The question asks us to return the all possible letter combinations that the number could represent. For example, if we have "23" then first digit 2 maps to ['a', 'b', 'c'] and second digit maps to ['d', 'e', 'f'] and we end up getting ["ad","ae","af","bd","be","bf","cd","ce","cf"] .

I have found a way to produce such a combination between two arrays.

// this will output ["ad","ae","af","bd","be","bf","cd","ce","cf"]
['a', 'b', 'c'].map(char1 => ['d', 'e', 'f'].map(char2 => char1 + char2)).flat(2)

So I thought I could just recursively apply this algorithm for such digit until I hit the last one. I think it is doable. However I had a hard time implementing the solution.
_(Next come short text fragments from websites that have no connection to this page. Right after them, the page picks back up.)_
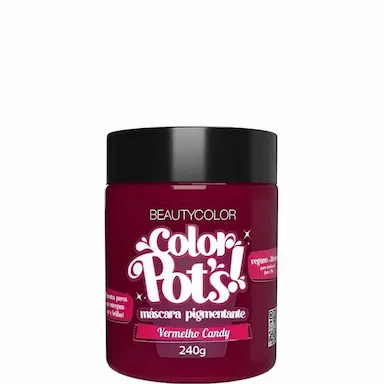 BEAUTYCOLOR COLOR POTS MáSCARA PIGMENTANTE VERMELHO CANDY 240G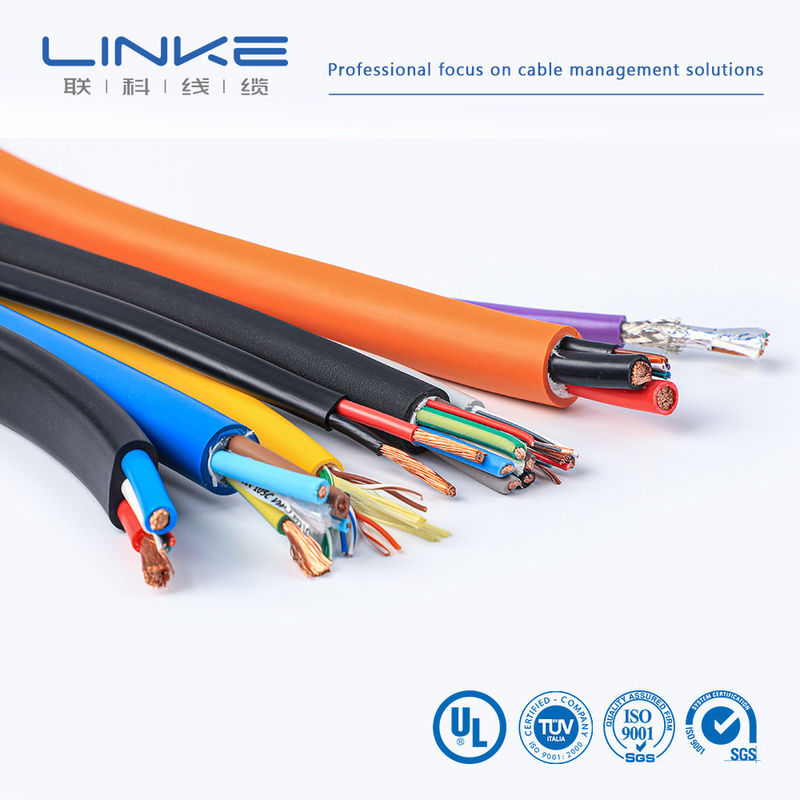 Soft Copper Wire PVC Insulated Industrial Control Cable 60227 IEC 52 53rvv Multi-core control cable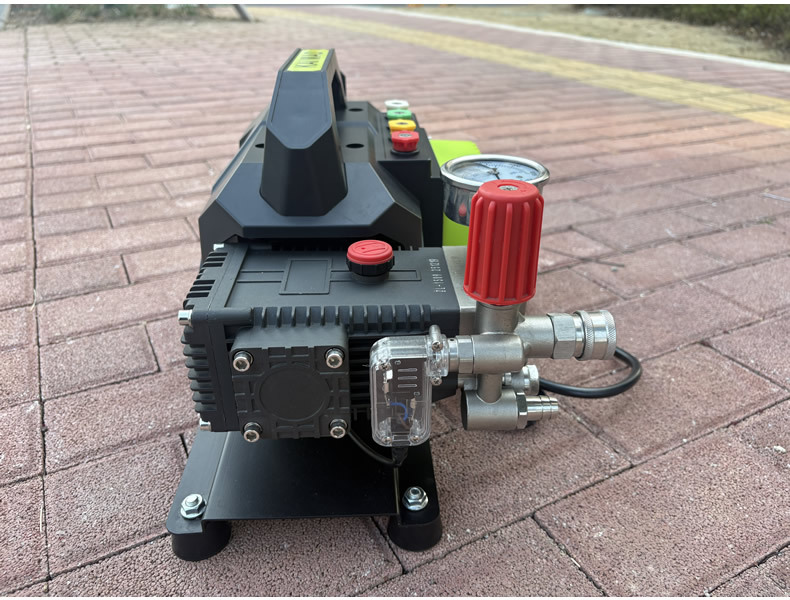 Portable Permanent Magnet Variable Frequency Car Washing Machine with Stainless Steel Pump Head, High-Pressure Oil Fume Pipe Cleaning Machine, Household and Commercial Car Washing Pump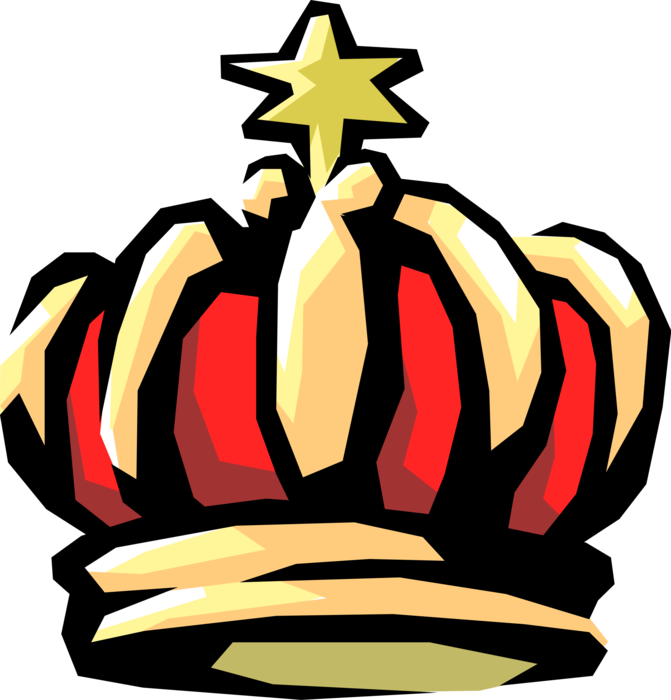 Vector Illustration of Monarch or Royalty King's Royal Crown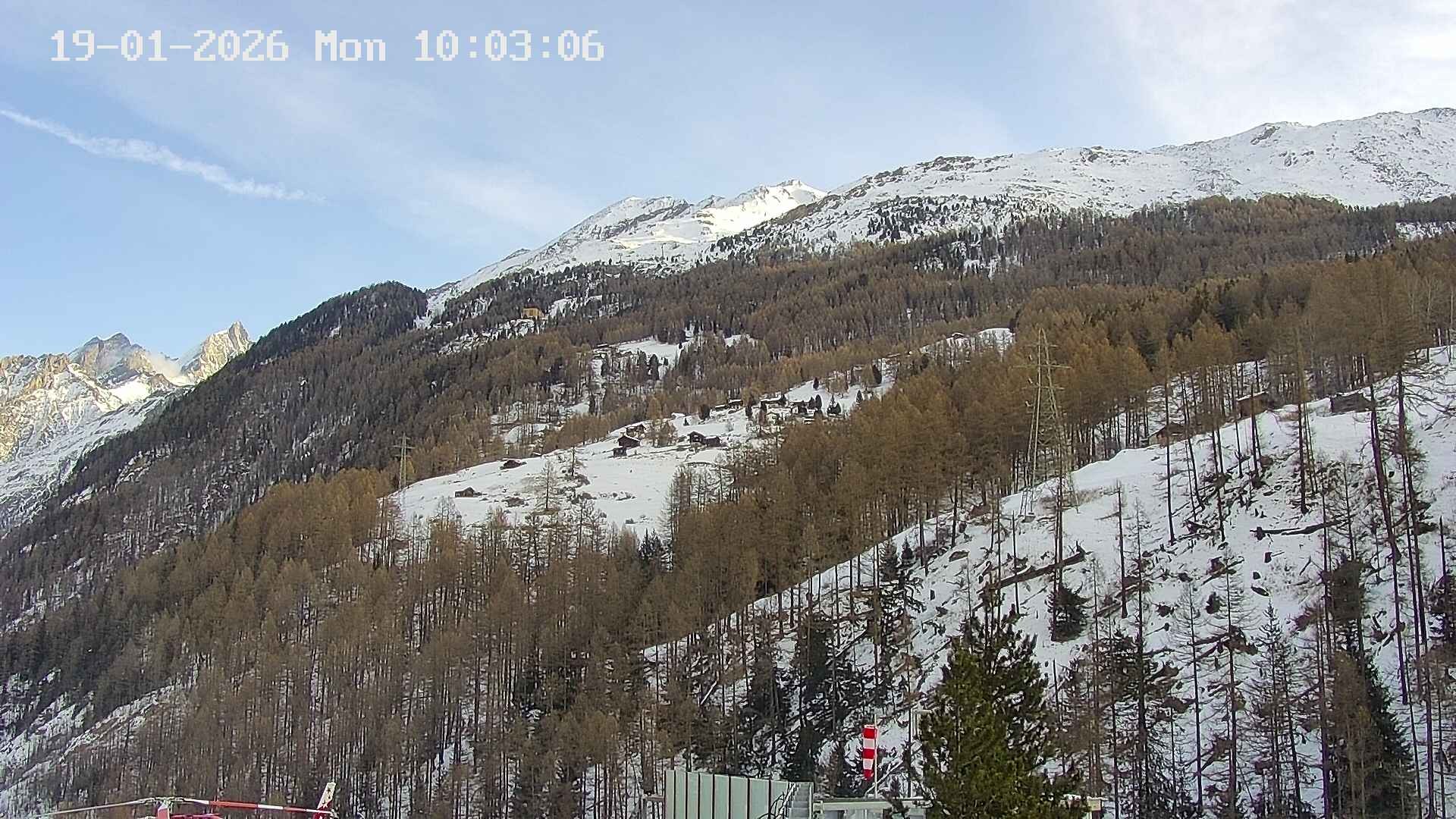 Archiv Foto Webcam Heliport Zermatt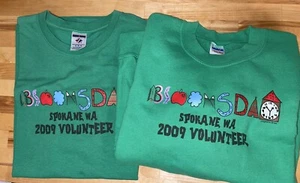 Vintage Bloomsday Spokane Wa 2009 grün T-Shirt & Sweatshirt Konvolut groß - Bild 1 von 10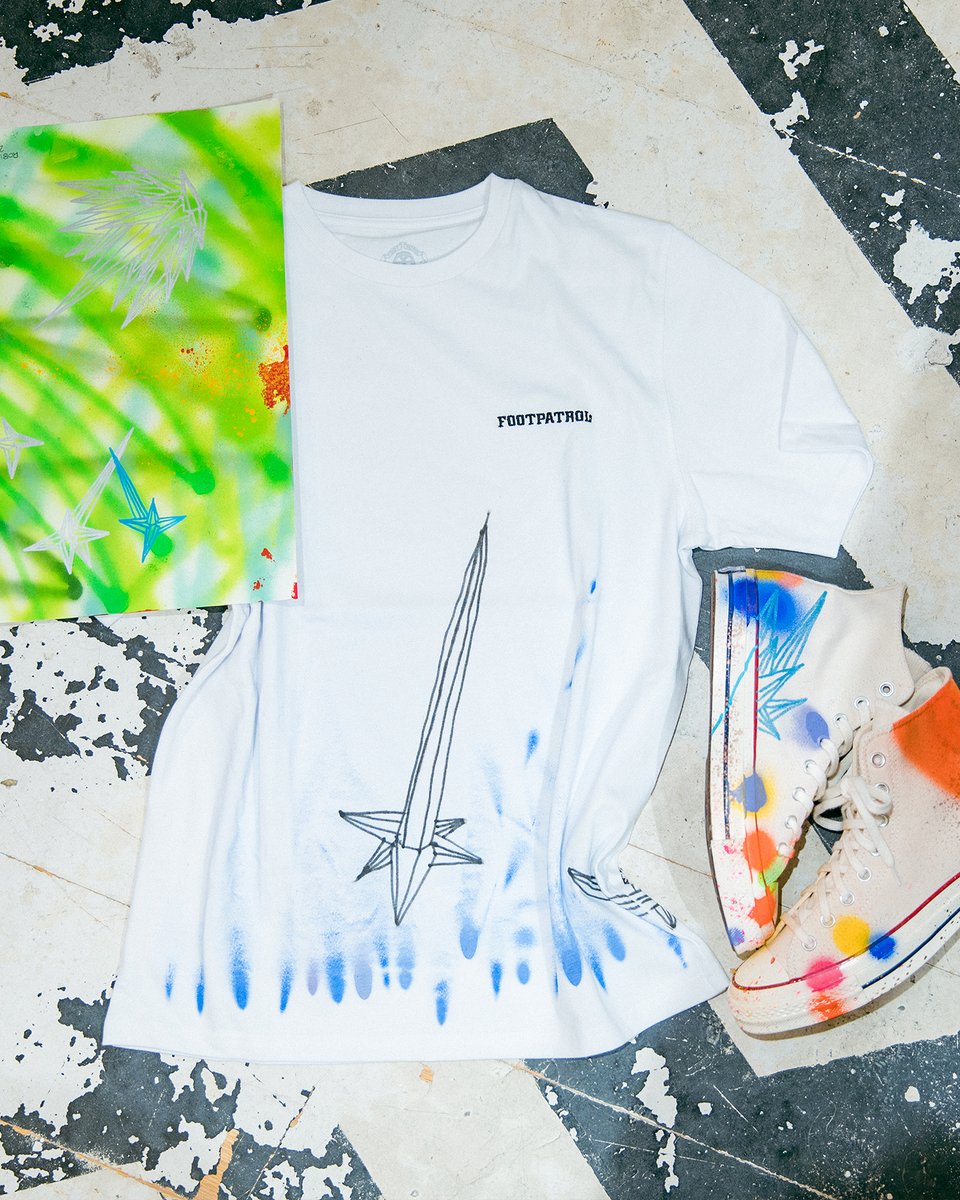 Footpatrol_ldn's tweet photo. Alternatively, check out the live auction where you can bid to win a hand painted, signed @robiwalters print, a pair of the custom painted Converse Chuck 70’s and a Footpatrol T-shirt. Click here to find out more: https://t.co/ijOHCUeAiv #FPCommuniT #CommuniT #RobiWalters https://t.co/Q4dt4tGI6o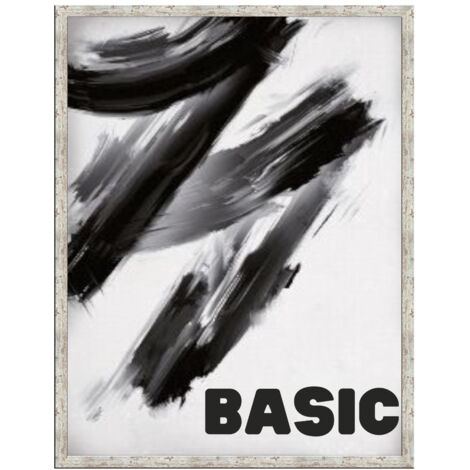 Cadre photo MDF BASIC 61x91,5 cm pin blanchi 1 pc.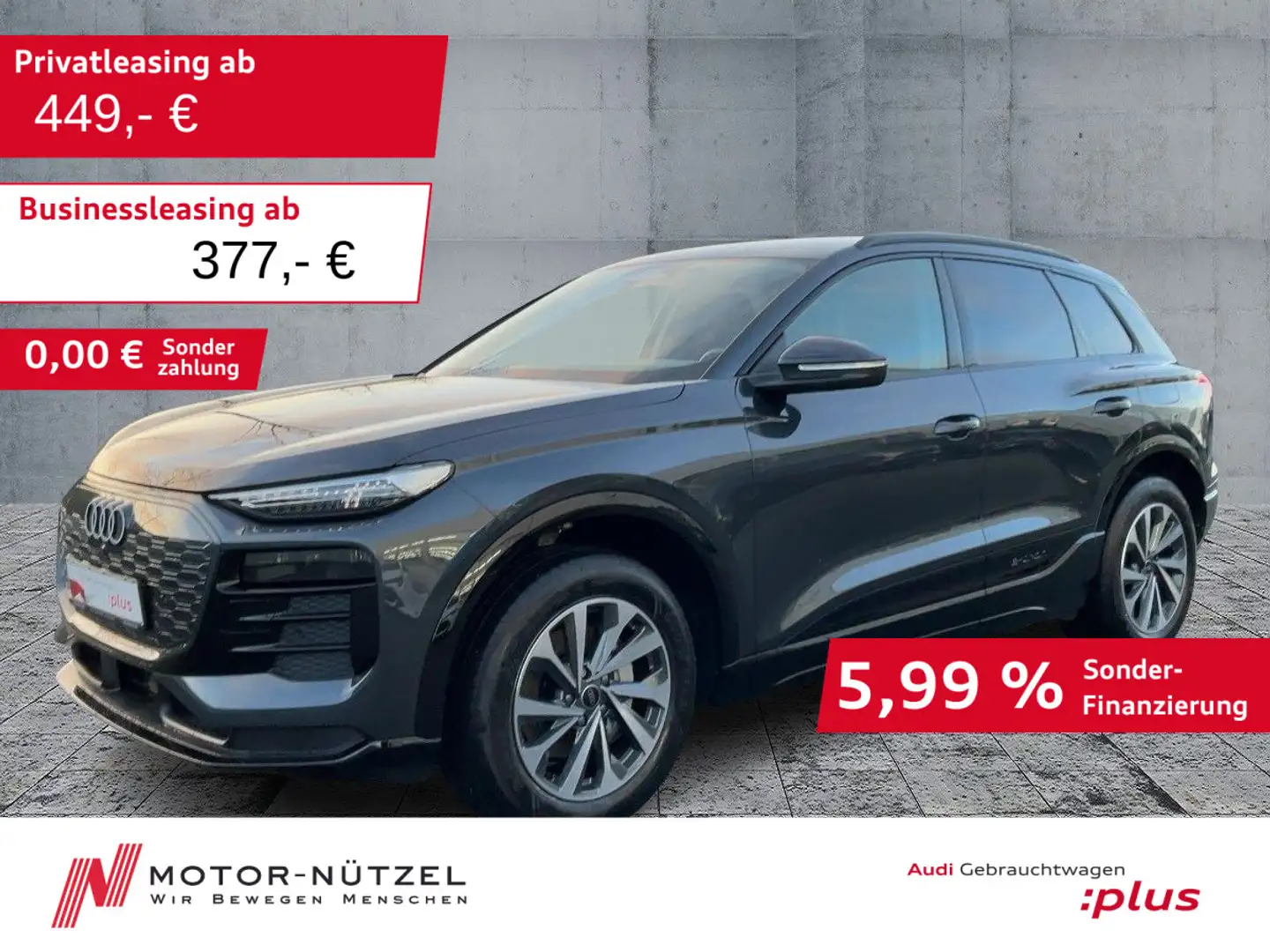 Audi Q6 e-tron MATRIX+NAVI+2xPDC+ACC+4xSHZ+19"LM Grau - 1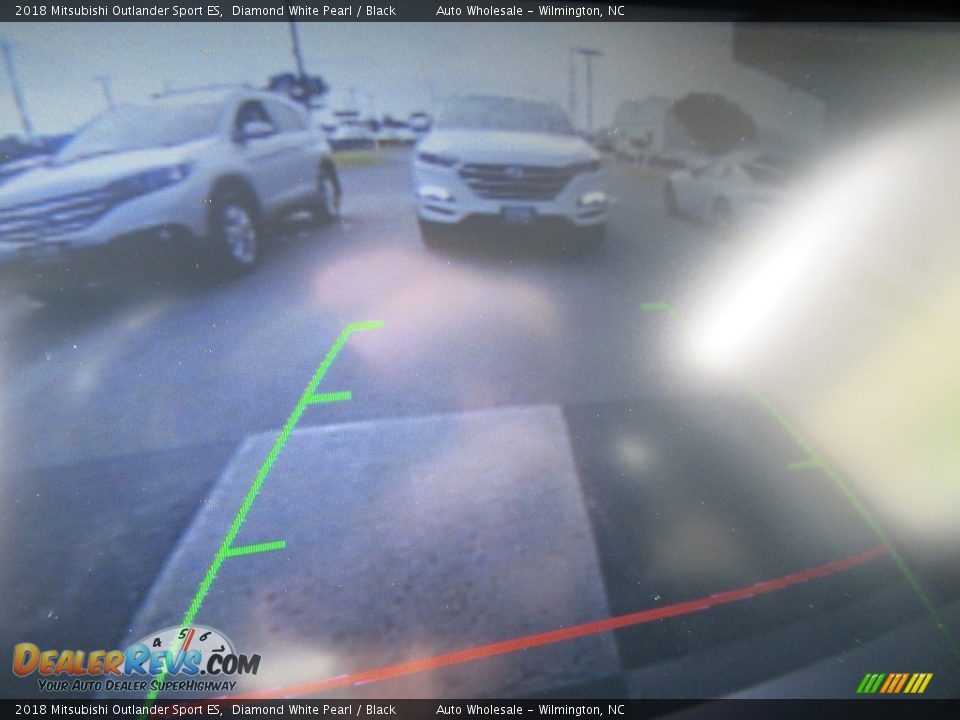 2018 Mitsubishi Outlander Sport ES Diamond White Pearl / Black Photo #19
Can someone please help me?

Answer 1

You can basically just use map method to get array from you Map data based on string param and them implement Cartesian product algo.

 const data = new Map([ ["2", ['a', 'b', 'c']], ["3", ['d', 'e', 'f']], ["4", ['g', 'h', 'i']], ["5", ['j', 'k', 'l']], ["6", ['m', 'n', 'o']], ["7", ['p', 'q', 'r', 's']], ["8", ['t', 'u', 'v']], ["9", ['w', 'x', 'y', 'z']], ]); function f(str, map) { const result = []; const arr = str.split('').map(c => map.get(c)) function r(data, n = 0, prev = []) { if (n === data.length) { return result.push(prev.slice()) } for (let i = 0; i < data[n].length; i++) { prev[n] = data[n][i] r(data, n + 1, prev.slice()) } } r(arr) return result; } console.log(f('23', data)) console.log(f('358', data))

Answer 2

Something like this

 const digitsLetters = new Map([ ["2", ['a', 'b', 'c']], ["3", ['d', 'e', 'f']], ["4", ['g', 'h', 'i']], ["5", ['j', 'k', 'l']], ["6", ['m', 'n', 'o']], ["7", ['p', 'q', 'r', 's']], ["8", ['t', 'u', 'v']], ["9", ['w', 'x', 'y', 'z']], ]); const foo = (arr, result = []) => { if (arr.length === 0) return result; const value = arr.shift(); if (result.length === 0) return foo(arr, value); const newResult = []; result.forEach((el) => { value.forEach((el2) => { newResult.push(el + el2); }); }); return foo(arr, newResult); }; const boo = (str) => foo(str.split('').map((symbol) => (digitsLetters.get(symbol)))); console.log(boo('')); console.log(boo('2')); console.log(boo('23')); console.log(boo('232'));

Answer 3

Let's consider the cartesian product f(E, F) with an example

assume E is like ['12', '13']

then you get candidates a and b , which I name as F = ['a', 'b']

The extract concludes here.